← Home

AWS - API Gateway to ECS via VPC Link

This week, I’ve been working with [0] to set up some infrastructure for a project we’re working on.

We’re using API Gateway and using the Custom Domains feature so we can run all our APIs on the same domain, e.g. `[1]

Most of our APIs are Serverless, comprised of Lambdas running in response to API Gateway events, which keeps time spent managing infrastructure to a minimum, but we wanted to slot in a service which runs as a Docker container on an ECS cluster inside a VPC.

Up until recently, the way to do this was to publish your backend service on the Internet and then route that via the API Gateway. That was a bit rubbish, because your service ended up also being addressable directly on the Web instead of only through the API Gateway.

“VPC Link” provides a way for API Gateway to connect to a private (internal) load balancer inside your VPC but the only type of Load Balancer that’s supported is a Network Load Balancer.

Network Load Balancers are very simple, but this simplicity places some restrictions on your design.

Application Load Balancers (ALBs) integrate really well into Elastic Container Service. On the ALB, you can configure a listener on a TCP port which routes to a service running on the Elastic Container Service (ECS).

This allows an ECS node to choose a port on the machine to open up from a range of available ports (see [2] while routing traffic from that external port to a port open on the Docker container.

ALB supports routing to ECS natively, so when you’re using an ALB, a security group which allows access on that port can be set up against the ALB, without having to worry about the dynamic nature of ports allocated within the ECS cluster.

I mention this because prior to VPC Link being available, this is what I would have done to make a service available on the Web.

Network Load Balancers (NLBs) don’t support this behaviour at all. Network Load Balancers route at the network level, based on some health checks the load balancer carries out - they just target instances. Therefore, there’s no concept of a security group on NLBs and no concept of routing to a service on ECS.
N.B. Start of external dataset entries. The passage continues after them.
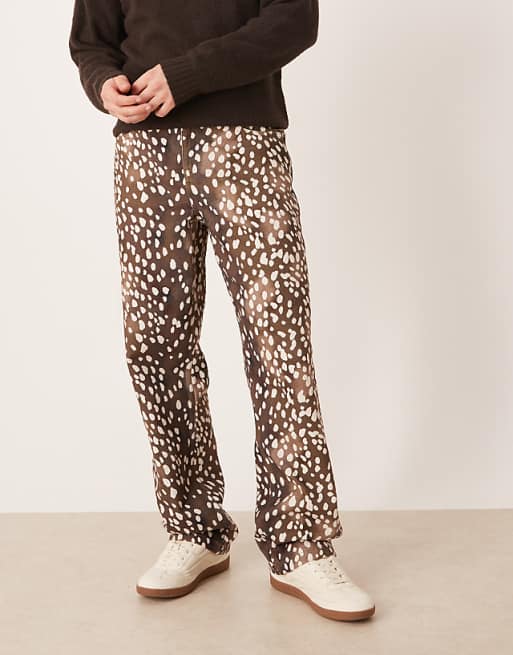 DESIGN Baggy Trouser Deer Print In Brown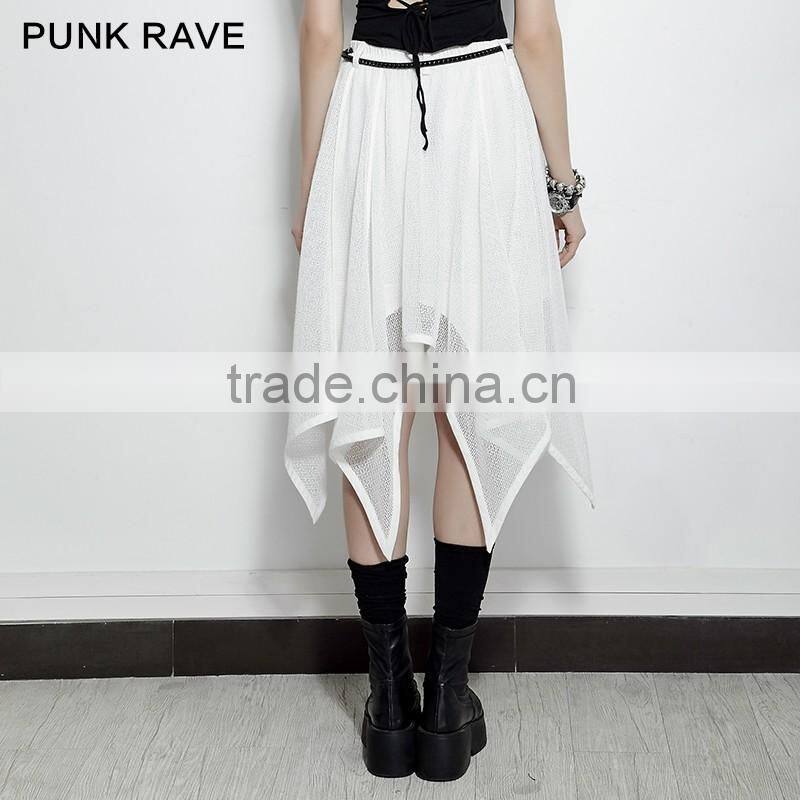 PQ-149 PUNK Women's White Shortl Crochet Bat Irregular Mesh Skirt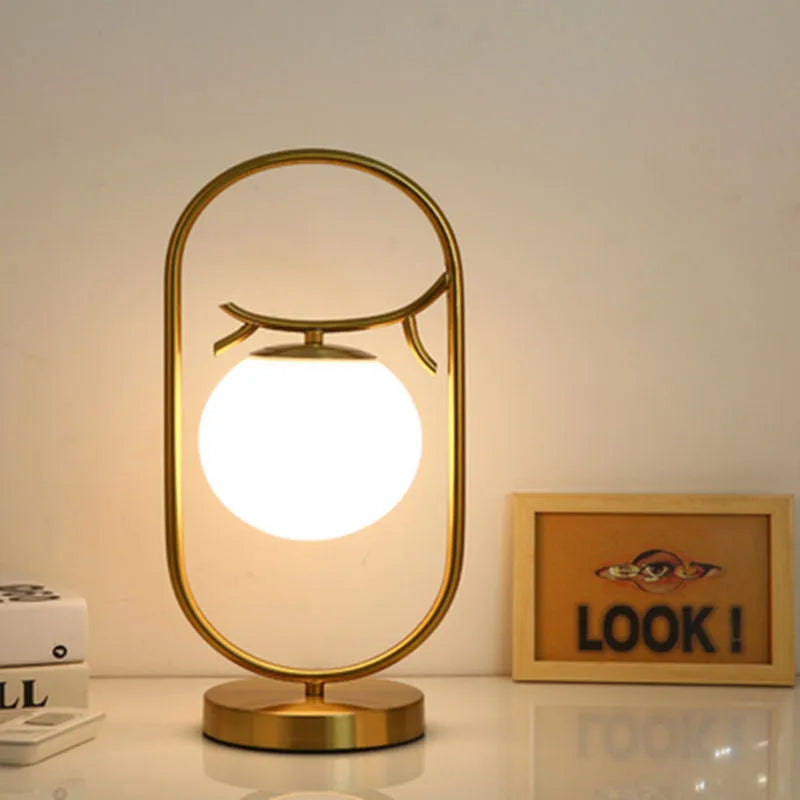 LED Brass Glass Table Lamp for Bedside Reading Desk - Modern Round Ring Design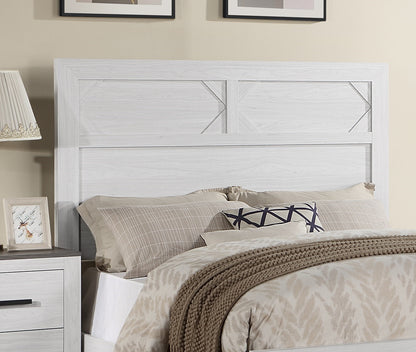 White Color 1pc Queen Size Bed High Headboard MDF Particle Board Bedroom Furniture Bedframe Unique Panel Design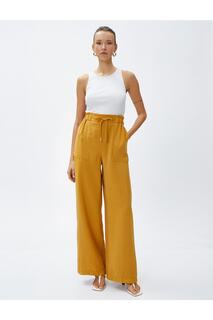 Шелковистые текстурированные брюки с завязками на талии и широкими штанинами Koton, желтый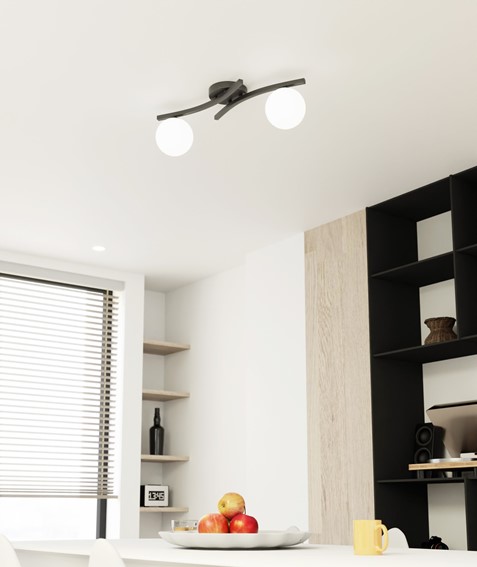 Lampa Wisząca OPUS 2 Czarny/Opal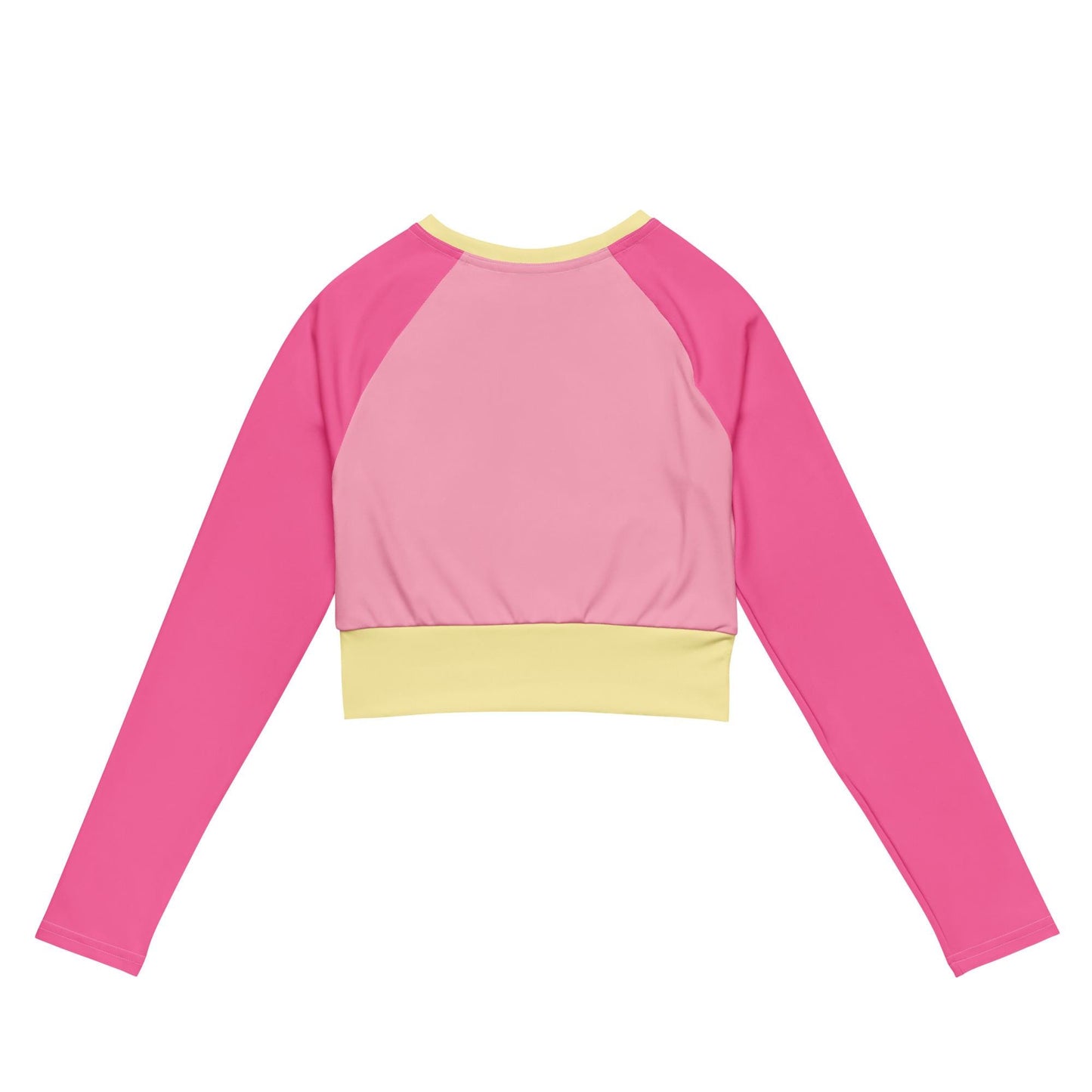 Fuchsia Pink Colour-Block Long Sleeve Crop Top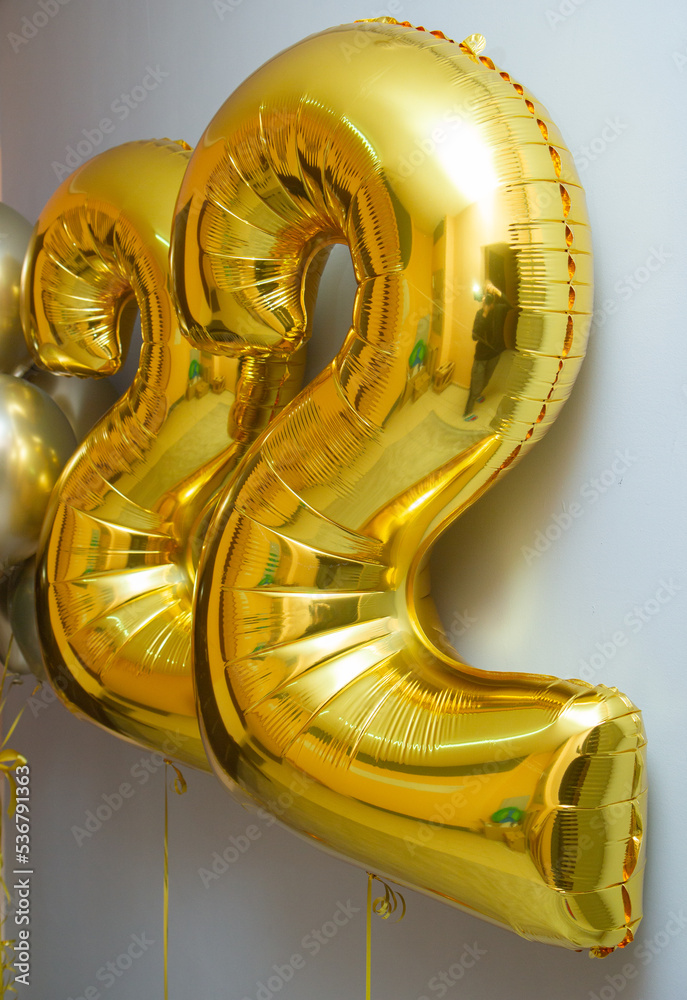 black and gold birthday balloons, golden foil numbers 22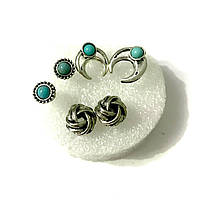Набір жіночих сережок гвоздиків сріблястих з бірюзовими вставками
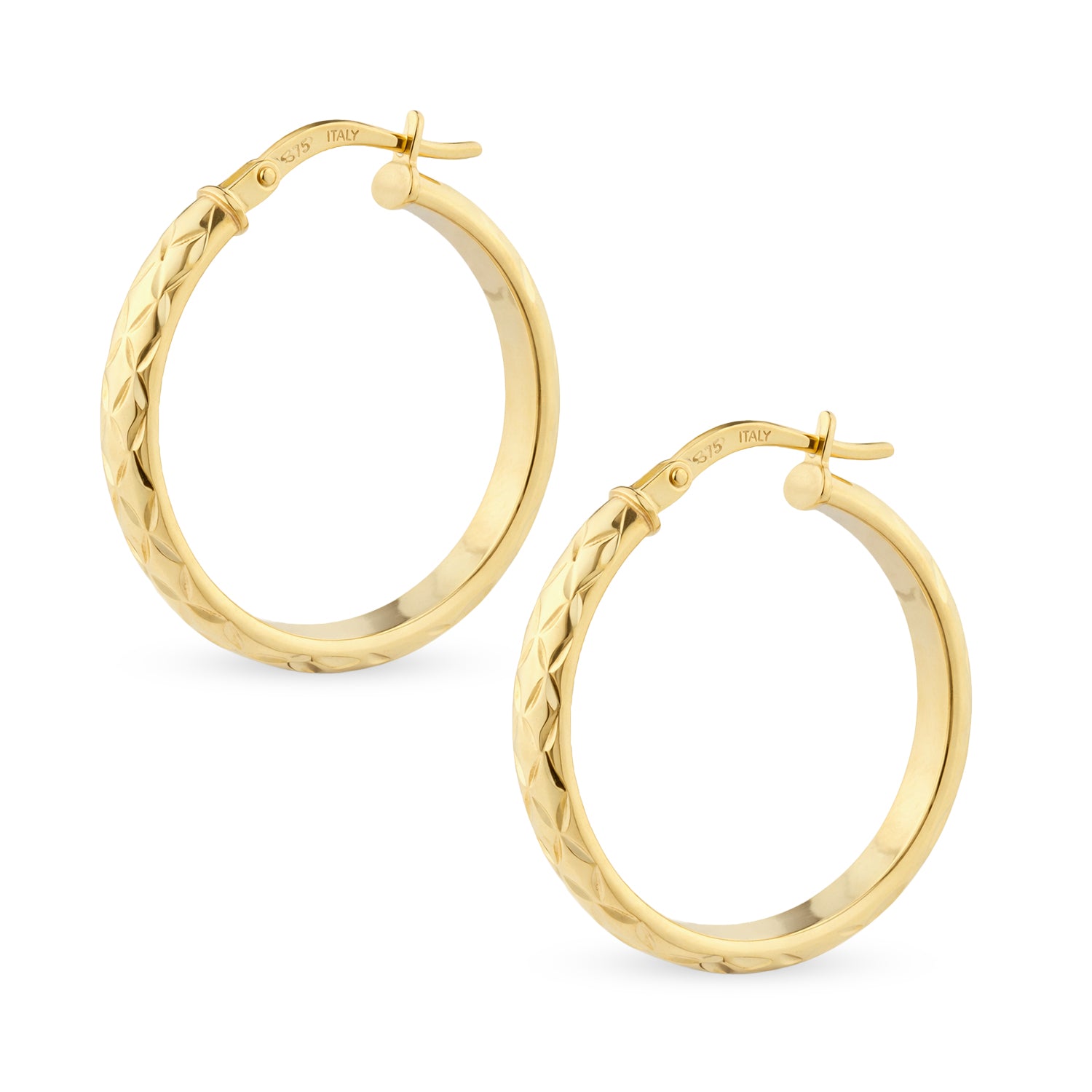 Hoop Earrings 9ct - detail view | Prime Jewellery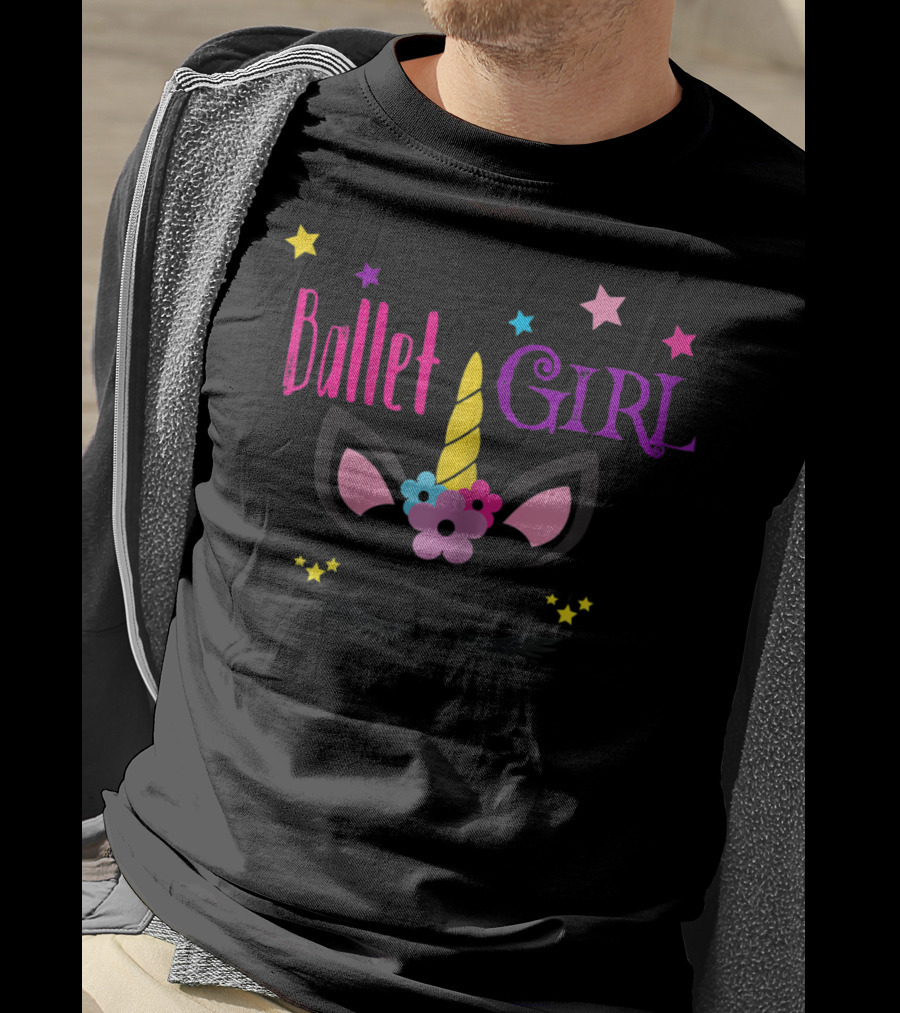 Ballet Girl Unicorn Cute Stars And Flowers T-Shirt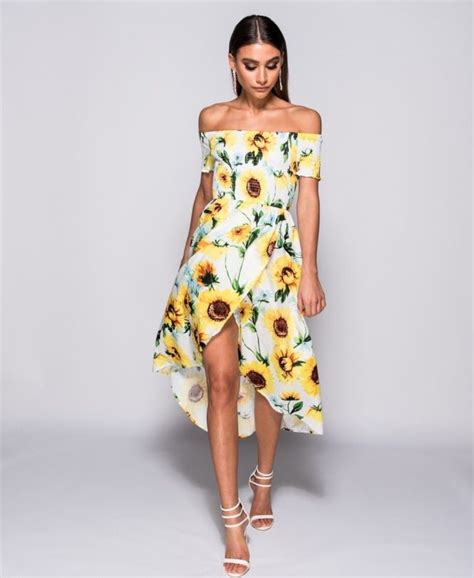 Sunflower Print Shirring Detail Bardot Dress Bardot Dress Long Sleeve Swing Dress Plus Size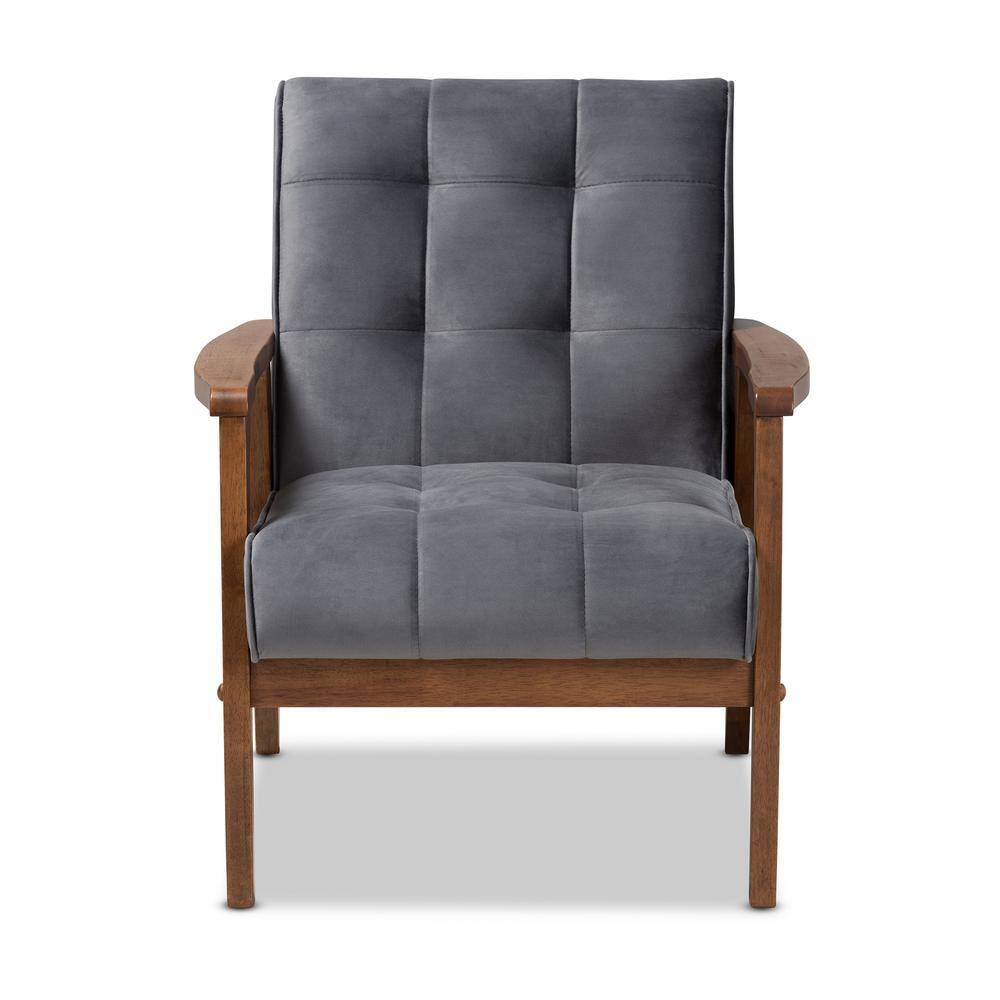Asta Velvet Upholstered Wood Armchair: Baxton Studio, Mid-Century Modern Design, Comfort Seating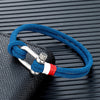 Nautical Bracelets for Men Double Strand Surfer Rope Bracelet Stainless Steel Anchor Shackle Handmade Ideal Gift for Son - Image 1
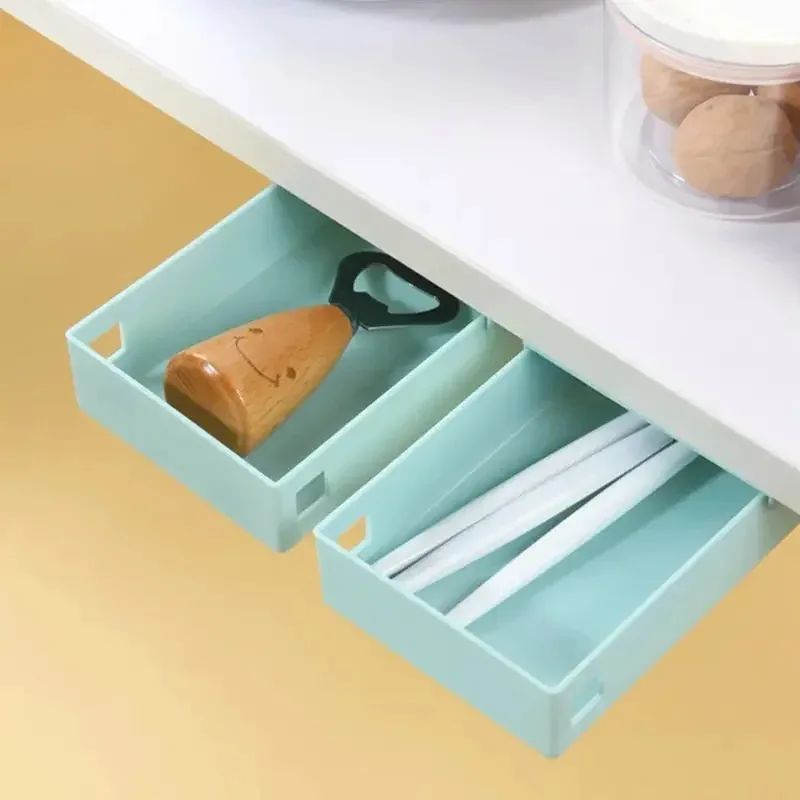 Office Desk Storage Drawer Self-Adhesive Pencil Drawer Blue Storage Box Drawer Box Glove Box Office Accessories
As a result, if you want to connect API Gateway to your private ECS cluster, you need to make sure that the service you’re sharing is available on a fixed port in the task definition:

        "name": "${name}",
        "image": "12327816371.dkr.ecr.eu-west-2.amazonaws.com/repository:${tag}",
        "cpu": 128,
        "memory": 128,
        "entryPoint": [],
        "environment": [
                "name": "CONNECTION_STRING",
                "value": "${db_connection}"
        "portMappings": [
                "containerPort": 8080,
                "protocol": "tcp",
                "hostPort": 10000
                "containerPort": 7777,
                "protocol": "tcp",
                "hostPort": 10001
        "volumesFrom": [],
        "links": [],
        "mountPoints": [],
        "essential": true

You also then need to make sure that the EC2 instances which make up your ECS cluster have a security group configured to allow access to this port:

resource "aws_launch_configuration" "ecs_cluster" {
  name                 = "${var.environment}-${var.application}-ecs"
  image_id             = "${lookup(var.ecs_amis, var.region)}"
  instance_type        = "${var.ecs_instance_type}"
  key_name             = "${var.key_name}"
  iam_instance_profile = "${aws_iam_instance_profile.ecs_cluster.name}"
  security_groups      = ["${aws_security_group.ecs-cluster-group.id}", "${aws_security_group.ecs-api.id}"]
  user_data            = "#!/bin/bash\necho ECS_CLUSTER=${aws_ecs_cluster.ecs_cluster.name} >> /etc/ecs/ecs.config"

  lifecycle {
    create_before_destroy = true

Setting up the “VPC Link” itself can’t be done using Terraform as of December 2017 and is tracked as an issue at [3] so you’re going to have to configure it manually for now.